Task
Retype the opening lines of the data exactly, stopping after the line that contains "Origami Icons Set grau Vektor Stock Vektor". Skip every picture.

═════ Data provided

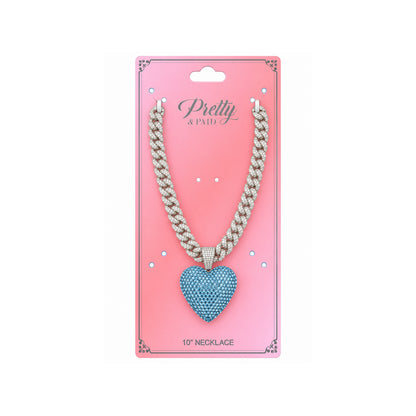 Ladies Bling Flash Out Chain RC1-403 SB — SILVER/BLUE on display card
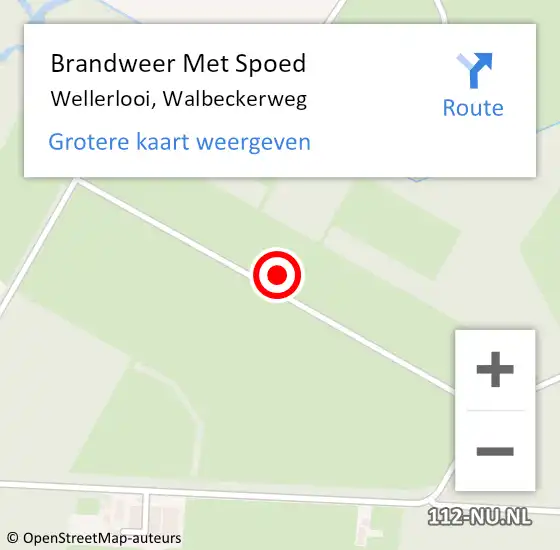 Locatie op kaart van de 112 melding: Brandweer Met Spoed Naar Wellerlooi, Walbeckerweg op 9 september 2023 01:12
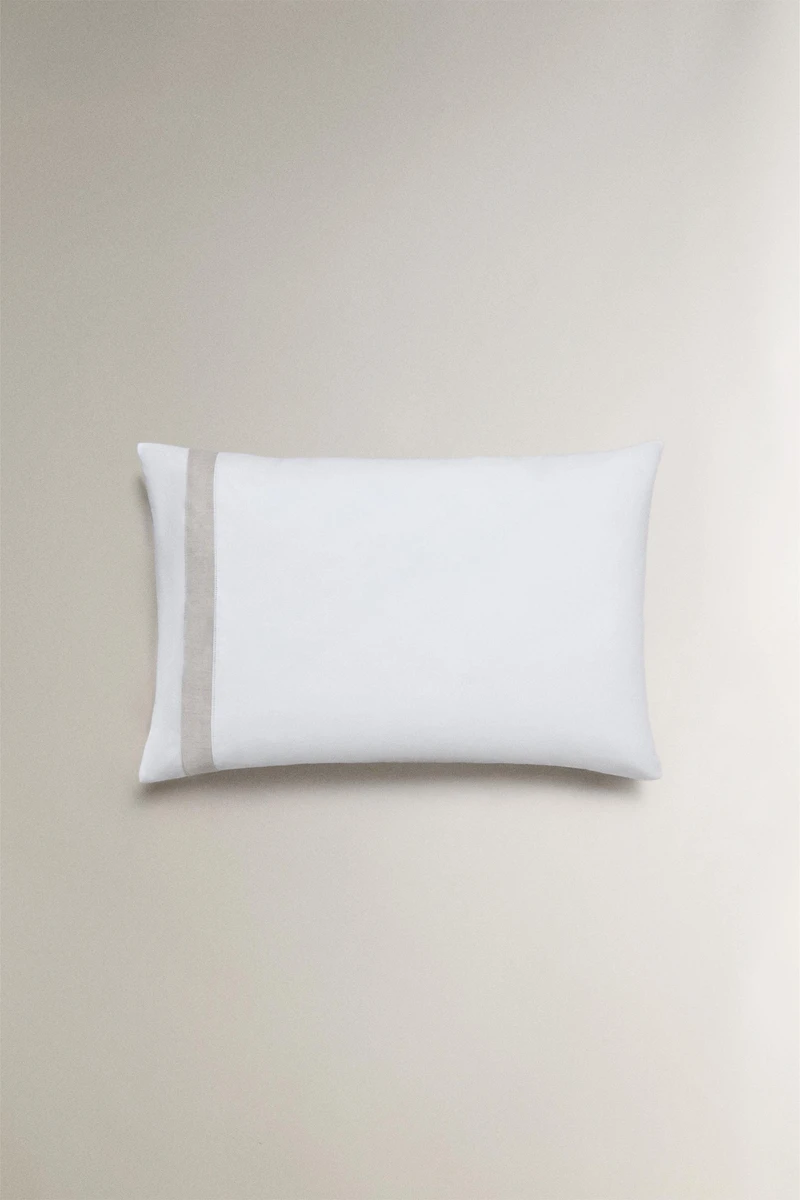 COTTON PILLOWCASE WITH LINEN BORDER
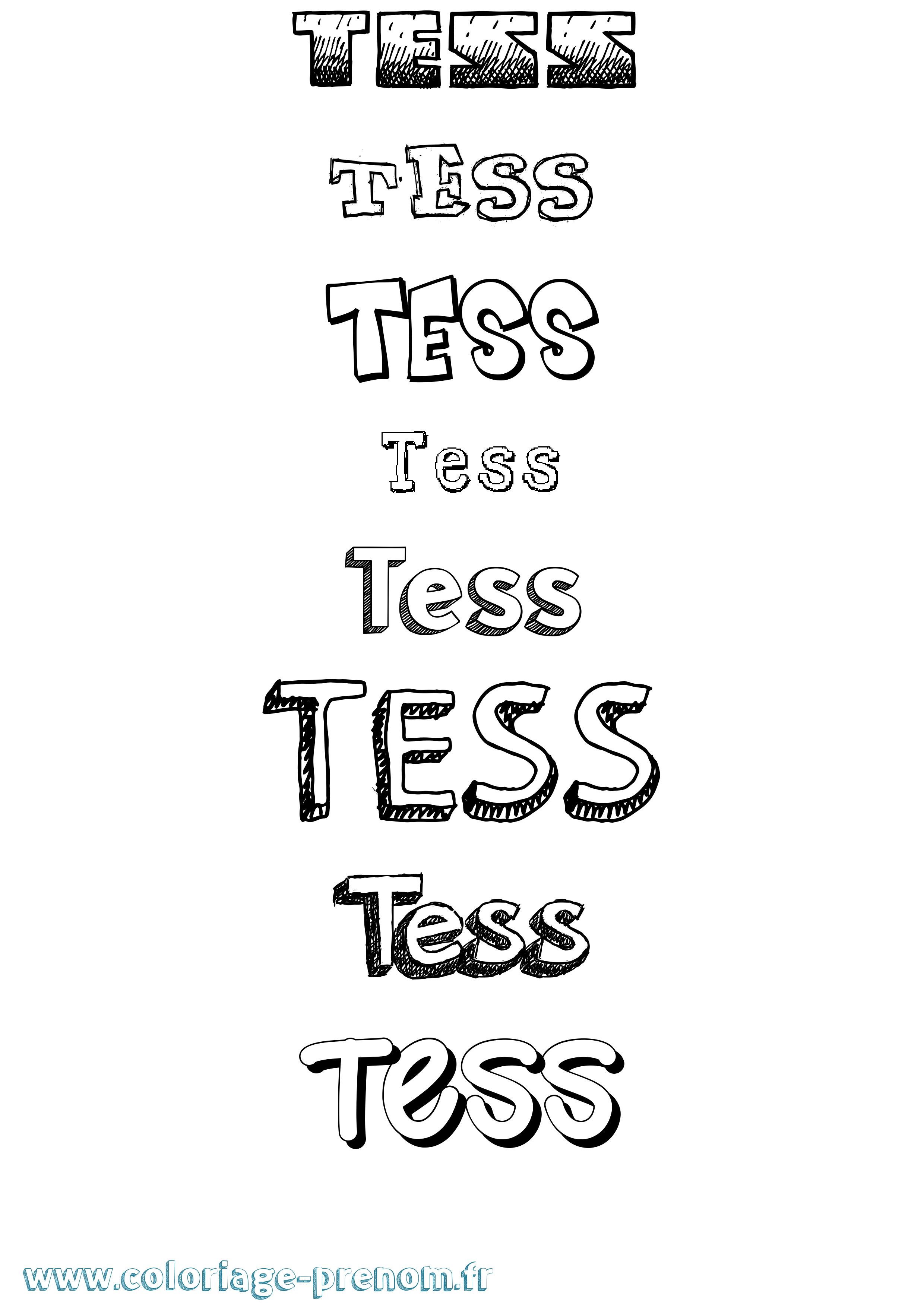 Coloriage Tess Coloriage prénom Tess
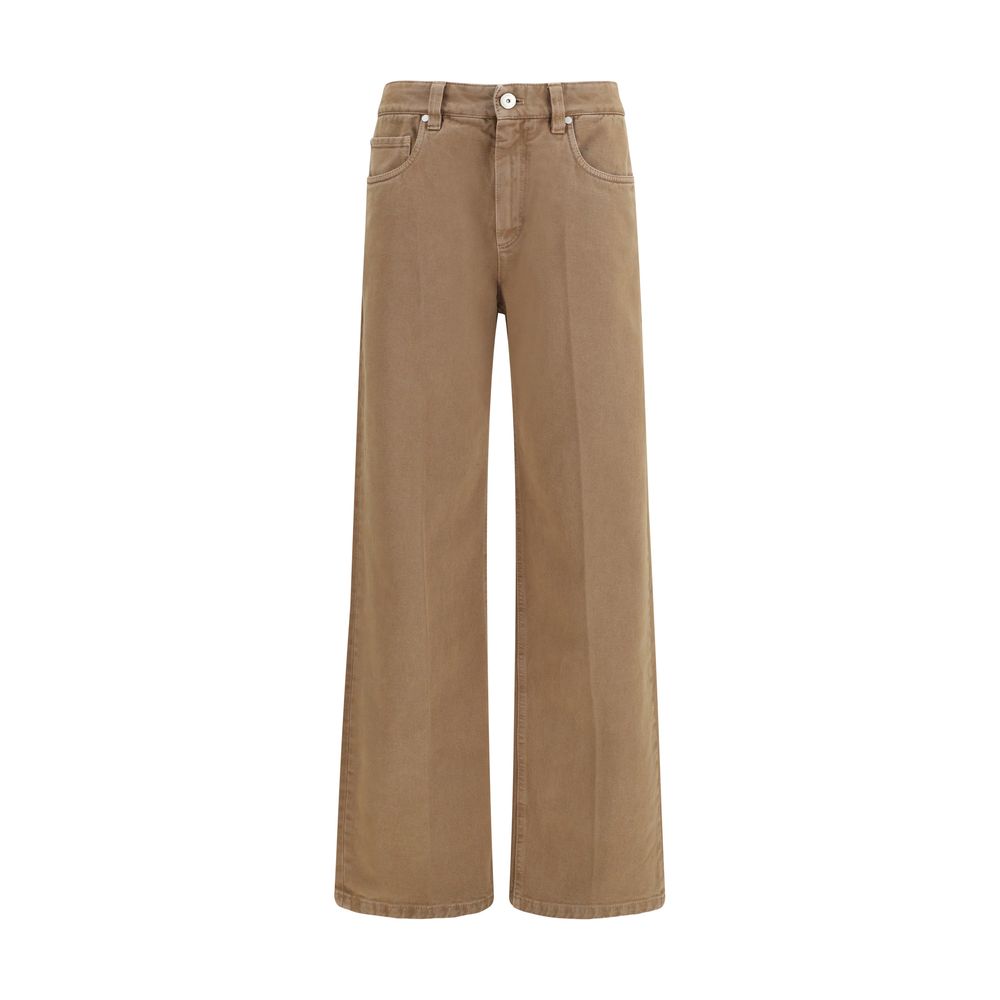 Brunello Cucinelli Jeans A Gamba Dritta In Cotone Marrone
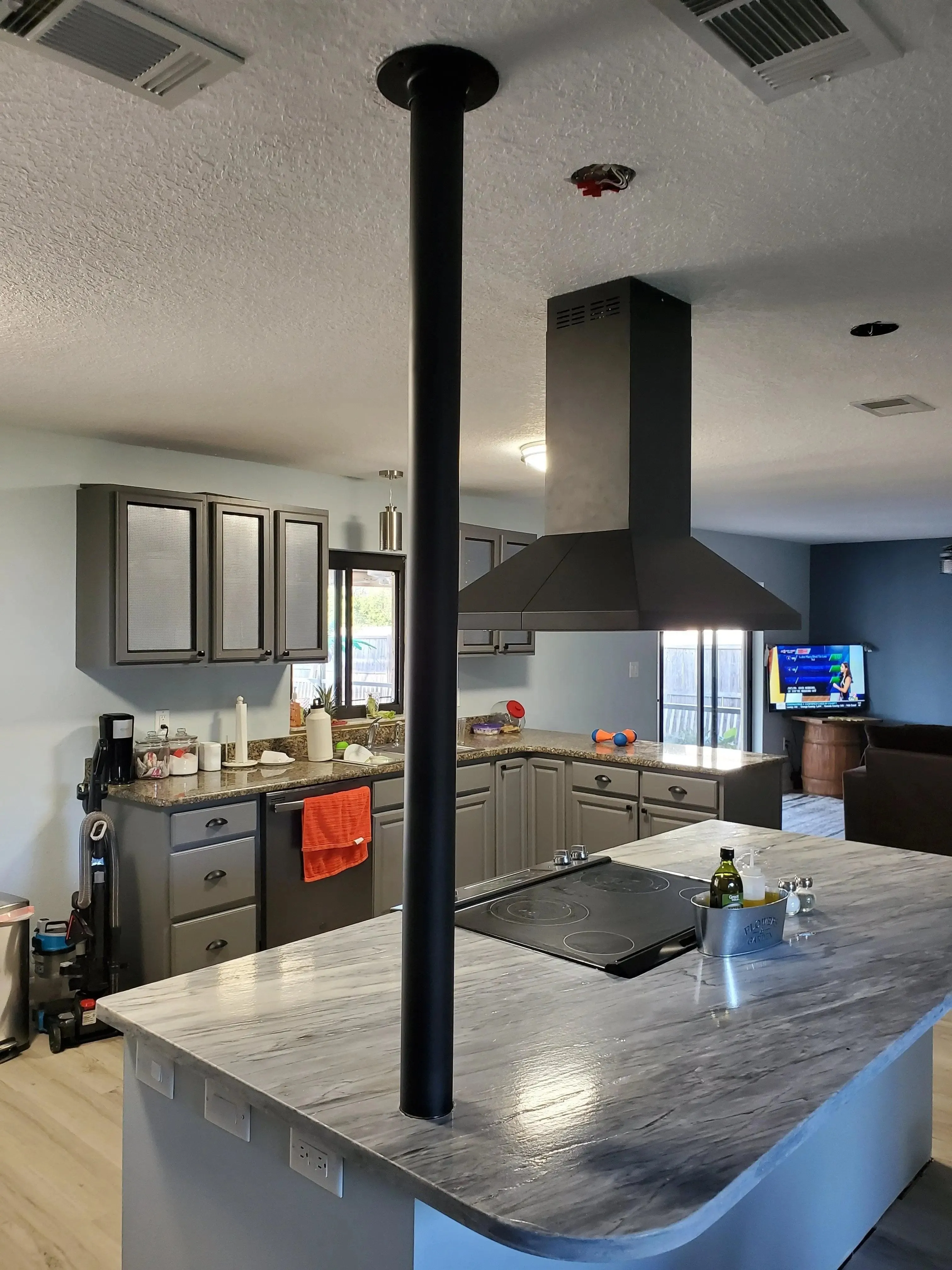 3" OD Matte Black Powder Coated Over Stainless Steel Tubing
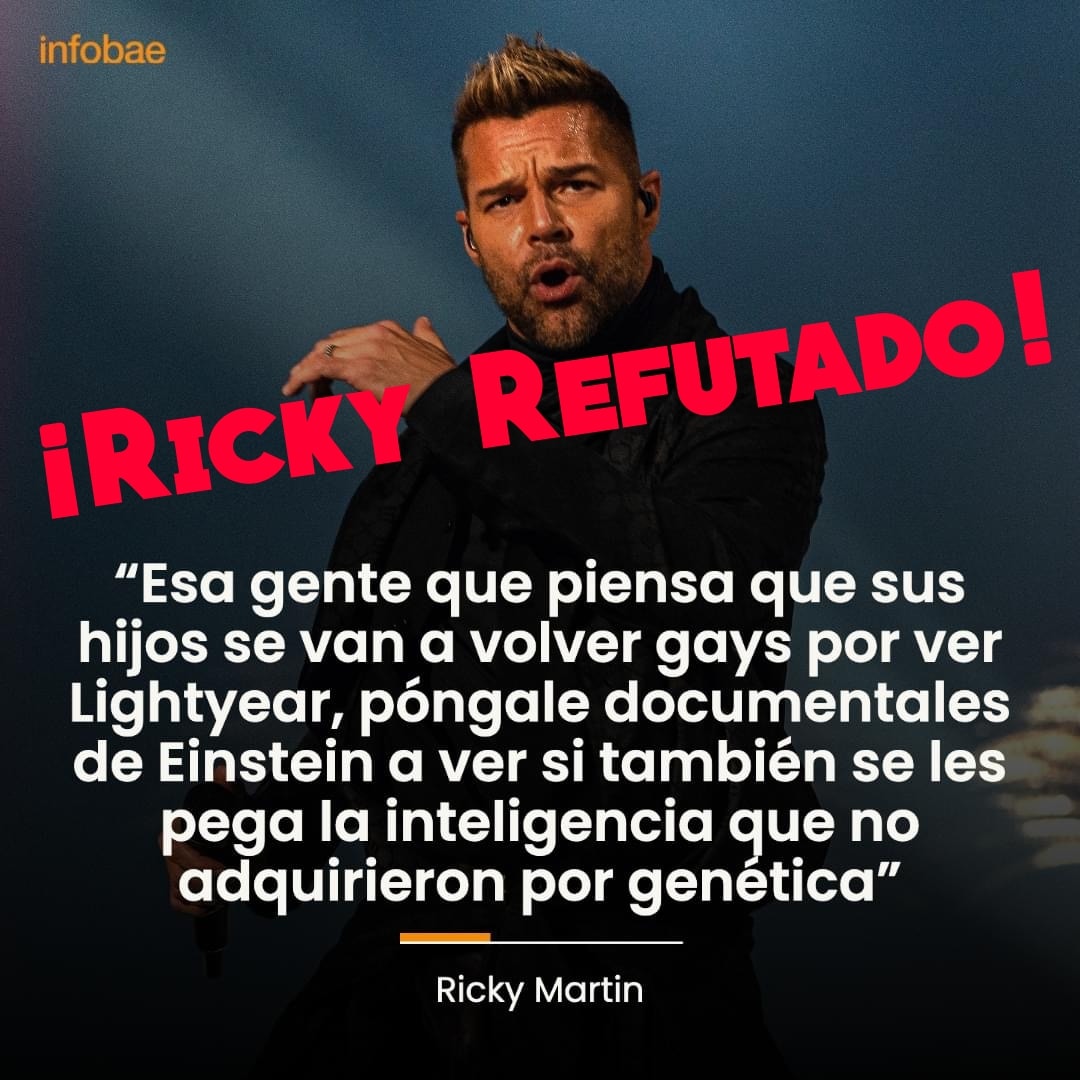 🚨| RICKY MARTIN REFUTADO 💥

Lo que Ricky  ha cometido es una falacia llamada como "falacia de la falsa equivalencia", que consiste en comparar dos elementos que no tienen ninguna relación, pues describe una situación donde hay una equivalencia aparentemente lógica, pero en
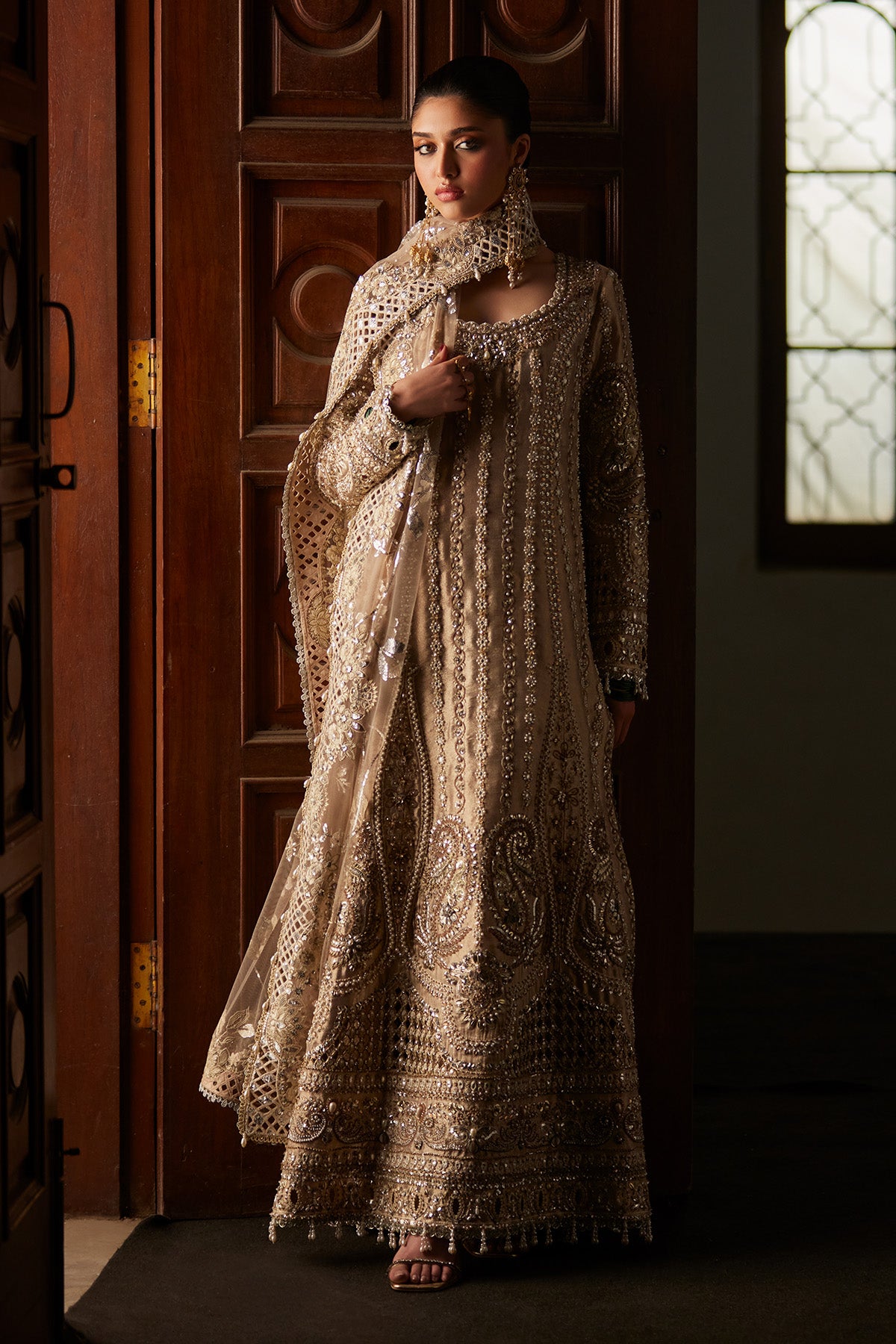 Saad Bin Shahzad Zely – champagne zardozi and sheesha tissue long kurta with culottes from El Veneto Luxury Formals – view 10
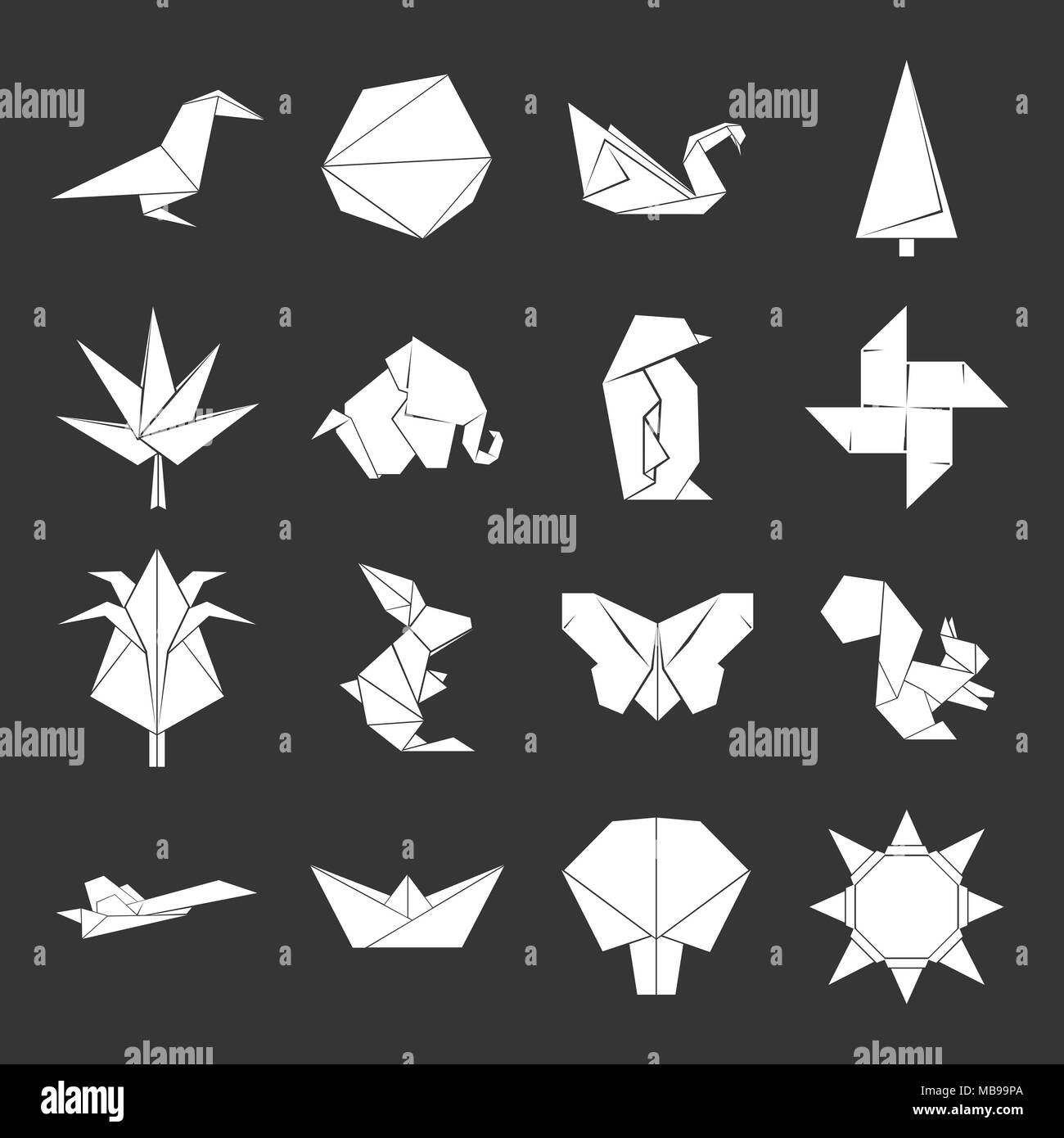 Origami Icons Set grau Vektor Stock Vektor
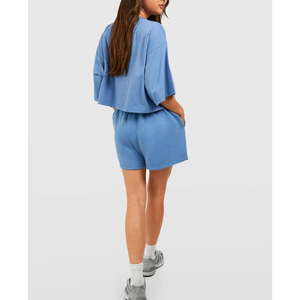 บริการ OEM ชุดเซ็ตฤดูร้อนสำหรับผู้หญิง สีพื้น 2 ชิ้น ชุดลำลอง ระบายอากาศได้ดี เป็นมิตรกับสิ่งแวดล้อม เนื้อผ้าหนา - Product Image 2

══════════

Output of the task
 Ladies Bling Flash Out Chain RC1-403 SB — SILVER/BLUE on display card
 Locatie op kaart van de 112 melding: Brandweer Met Spoed Naar Wellerlooi, Walbeckerweg op 9 september 2023 01:12
 COTTON PILLOWCASE WITH LINEN BORDER
 Coloriage Tess Coloriage prénom Tess
 Brunello Cucinelli Jeans A Gamba Dritta In Cotone Marrone
 3" OD Matte Black Powder Coated Over Stainless Steel Tubing
 🚨| RICKY MARTIN REFUTADO 💥

Lo que Ricky  ha cometido es una falacia llamada como "falacia de la falsa equivalencia", que consiste en comparar dos elementos que no tienen ninguna relación, pues describe una situación donde hay una equivalencia aparentemente lógica, pero en
 Saad Bin Shahzad Zely – champagne zardozi and sheesha tissue long kurta with culottes from El Veneto Luxury Formals – view 10
 Origami Icons Set grau Vektor Stock Vektor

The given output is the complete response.